WORK INSTRUCTIONS:
Your answer must be the lines of the entries below, exactly as written, from the first line through the line containing "Authentic Pizza Making Experience 4".
GIVEN DATA below:
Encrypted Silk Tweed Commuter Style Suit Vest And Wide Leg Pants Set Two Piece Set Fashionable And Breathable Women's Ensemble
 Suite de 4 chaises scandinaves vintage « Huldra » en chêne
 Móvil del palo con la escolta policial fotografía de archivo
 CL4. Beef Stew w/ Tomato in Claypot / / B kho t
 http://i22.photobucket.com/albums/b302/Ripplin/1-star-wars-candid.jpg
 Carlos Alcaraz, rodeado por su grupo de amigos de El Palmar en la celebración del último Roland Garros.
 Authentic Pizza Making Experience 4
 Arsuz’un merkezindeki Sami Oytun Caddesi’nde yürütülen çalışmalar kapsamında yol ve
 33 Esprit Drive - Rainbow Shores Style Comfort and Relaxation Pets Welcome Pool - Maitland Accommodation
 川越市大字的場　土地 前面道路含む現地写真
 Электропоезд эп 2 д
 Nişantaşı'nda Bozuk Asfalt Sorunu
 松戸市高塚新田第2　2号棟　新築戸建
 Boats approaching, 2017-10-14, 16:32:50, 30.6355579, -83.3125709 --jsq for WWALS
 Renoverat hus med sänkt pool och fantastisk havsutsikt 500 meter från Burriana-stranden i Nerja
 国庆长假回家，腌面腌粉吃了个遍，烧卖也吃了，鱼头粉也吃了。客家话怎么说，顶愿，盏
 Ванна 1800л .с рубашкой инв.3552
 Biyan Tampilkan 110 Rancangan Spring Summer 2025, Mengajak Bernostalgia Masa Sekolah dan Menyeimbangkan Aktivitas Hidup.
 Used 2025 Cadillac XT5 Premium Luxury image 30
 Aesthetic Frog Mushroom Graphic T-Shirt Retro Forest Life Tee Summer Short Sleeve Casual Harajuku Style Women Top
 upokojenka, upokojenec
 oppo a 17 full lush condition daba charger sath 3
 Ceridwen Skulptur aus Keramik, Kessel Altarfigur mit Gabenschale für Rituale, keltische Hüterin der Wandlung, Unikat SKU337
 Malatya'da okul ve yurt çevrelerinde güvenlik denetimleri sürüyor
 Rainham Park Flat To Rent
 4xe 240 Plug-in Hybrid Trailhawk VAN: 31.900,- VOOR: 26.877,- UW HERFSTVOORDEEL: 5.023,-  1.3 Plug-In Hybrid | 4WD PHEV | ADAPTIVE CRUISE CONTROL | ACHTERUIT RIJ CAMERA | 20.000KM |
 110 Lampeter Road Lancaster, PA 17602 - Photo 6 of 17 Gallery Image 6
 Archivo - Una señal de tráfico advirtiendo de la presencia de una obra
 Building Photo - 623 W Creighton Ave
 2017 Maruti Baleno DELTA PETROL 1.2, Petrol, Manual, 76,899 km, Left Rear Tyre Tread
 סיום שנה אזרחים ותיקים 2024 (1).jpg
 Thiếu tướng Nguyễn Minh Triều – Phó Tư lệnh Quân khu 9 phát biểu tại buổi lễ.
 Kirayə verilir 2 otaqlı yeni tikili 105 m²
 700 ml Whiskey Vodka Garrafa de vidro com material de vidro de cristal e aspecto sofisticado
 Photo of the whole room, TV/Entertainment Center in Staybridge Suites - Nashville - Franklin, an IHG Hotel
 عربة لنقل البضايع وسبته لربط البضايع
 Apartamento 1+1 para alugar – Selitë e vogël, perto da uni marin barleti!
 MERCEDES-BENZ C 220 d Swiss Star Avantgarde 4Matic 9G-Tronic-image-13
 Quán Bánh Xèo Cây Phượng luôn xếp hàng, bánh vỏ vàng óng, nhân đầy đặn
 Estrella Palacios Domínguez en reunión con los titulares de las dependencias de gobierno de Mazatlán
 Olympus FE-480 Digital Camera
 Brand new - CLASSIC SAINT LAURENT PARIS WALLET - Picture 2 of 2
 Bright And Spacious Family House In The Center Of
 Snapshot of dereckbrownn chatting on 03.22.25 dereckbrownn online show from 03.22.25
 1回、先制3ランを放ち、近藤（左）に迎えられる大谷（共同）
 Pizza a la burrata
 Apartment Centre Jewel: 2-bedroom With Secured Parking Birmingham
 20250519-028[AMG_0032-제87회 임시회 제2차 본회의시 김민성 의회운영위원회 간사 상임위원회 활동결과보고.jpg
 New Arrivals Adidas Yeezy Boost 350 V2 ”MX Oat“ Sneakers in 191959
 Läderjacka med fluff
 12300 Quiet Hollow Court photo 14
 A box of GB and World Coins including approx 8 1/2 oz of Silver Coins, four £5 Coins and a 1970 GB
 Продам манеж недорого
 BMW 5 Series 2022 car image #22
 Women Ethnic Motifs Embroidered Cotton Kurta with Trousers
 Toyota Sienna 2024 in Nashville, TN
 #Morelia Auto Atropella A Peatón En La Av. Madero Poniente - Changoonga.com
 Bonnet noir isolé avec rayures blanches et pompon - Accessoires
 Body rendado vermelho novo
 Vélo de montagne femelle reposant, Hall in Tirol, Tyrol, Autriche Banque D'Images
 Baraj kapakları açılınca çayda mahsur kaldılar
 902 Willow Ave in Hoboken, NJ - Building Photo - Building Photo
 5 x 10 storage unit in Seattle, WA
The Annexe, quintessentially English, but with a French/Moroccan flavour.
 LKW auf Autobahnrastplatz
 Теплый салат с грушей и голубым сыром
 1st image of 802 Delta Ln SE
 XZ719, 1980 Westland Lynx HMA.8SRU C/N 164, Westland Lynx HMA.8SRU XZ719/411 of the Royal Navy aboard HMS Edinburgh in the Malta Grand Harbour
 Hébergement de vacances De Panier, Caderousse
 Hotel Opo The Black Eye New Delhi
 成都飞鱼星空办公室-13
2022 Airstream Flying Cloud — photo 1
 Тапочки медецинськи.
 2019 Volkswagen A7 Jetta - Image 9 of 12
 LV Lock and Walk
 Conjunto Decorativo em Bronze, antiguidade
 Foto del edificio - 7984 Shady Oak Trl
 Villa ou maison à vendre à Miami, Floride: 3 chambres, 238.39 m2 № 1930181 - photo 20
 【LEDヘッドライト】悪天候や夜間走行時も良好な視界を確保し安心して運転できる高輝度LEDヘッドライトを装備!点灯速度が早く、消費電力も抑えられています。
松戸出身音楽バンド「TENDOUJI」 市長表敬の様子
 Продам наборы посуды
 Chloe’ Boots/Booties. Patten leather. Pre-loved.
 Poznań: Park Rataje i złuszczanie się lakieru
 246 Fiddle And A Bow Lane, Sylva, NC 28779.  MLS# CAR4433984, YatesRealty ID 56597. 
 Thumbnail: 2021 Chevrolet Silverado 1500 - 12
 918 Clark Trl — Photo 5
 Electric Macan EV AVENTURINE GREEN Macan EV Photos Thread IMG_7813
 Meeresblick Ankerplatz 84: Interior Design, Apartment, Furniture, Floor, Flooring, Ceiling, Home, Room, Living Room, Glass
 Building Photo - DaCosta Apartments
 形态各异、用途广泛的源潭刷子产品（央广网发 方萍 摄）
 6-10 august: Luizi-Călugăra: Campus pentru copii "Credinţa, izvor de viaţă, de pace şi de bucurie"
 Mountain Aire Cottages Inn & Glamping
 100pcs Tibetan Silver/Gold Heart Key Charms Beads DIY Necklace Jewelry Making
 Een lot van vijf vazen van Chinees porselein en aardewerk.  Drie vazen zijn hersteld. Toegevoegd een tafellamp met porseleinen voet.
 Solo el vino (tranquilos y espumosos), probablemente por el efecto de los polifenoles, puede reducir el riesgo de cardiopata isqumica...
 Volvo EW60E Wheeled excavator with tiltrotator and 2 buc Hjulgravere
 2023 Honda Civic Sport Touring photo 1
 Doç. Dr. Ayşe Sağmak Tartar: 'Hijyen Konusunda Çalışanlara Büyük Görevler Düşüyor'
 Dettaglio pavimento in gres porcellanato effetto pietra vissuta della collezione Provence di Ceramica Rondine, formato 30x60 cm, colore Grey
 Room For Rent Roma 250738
End of GIVEN DATA.
WRITTEN RESPONSE:
Encrypted Silk Tweed Commuter Style Suit Vest And Wide Leg Pants Set Two Piece Set Fashionable And Breathable Women's Ensemble
 Suite de 4 chaises scandinaves vintage « Huldra » en chêne
 Móvil del palo con la escolta policial fotografía de archivo
 CL4. Beef Stew w/ Tomato in Claypot / / B kho t
 http://i22.photobucket.com/albums/b302/Ripplin/1-star-wars-candid.jpg
 Carlos Alcaraz, rodeado por su grupo de amigos de El Palmar en la celebración del último Roland Garros.
 Authentic Pizza Making Experience 4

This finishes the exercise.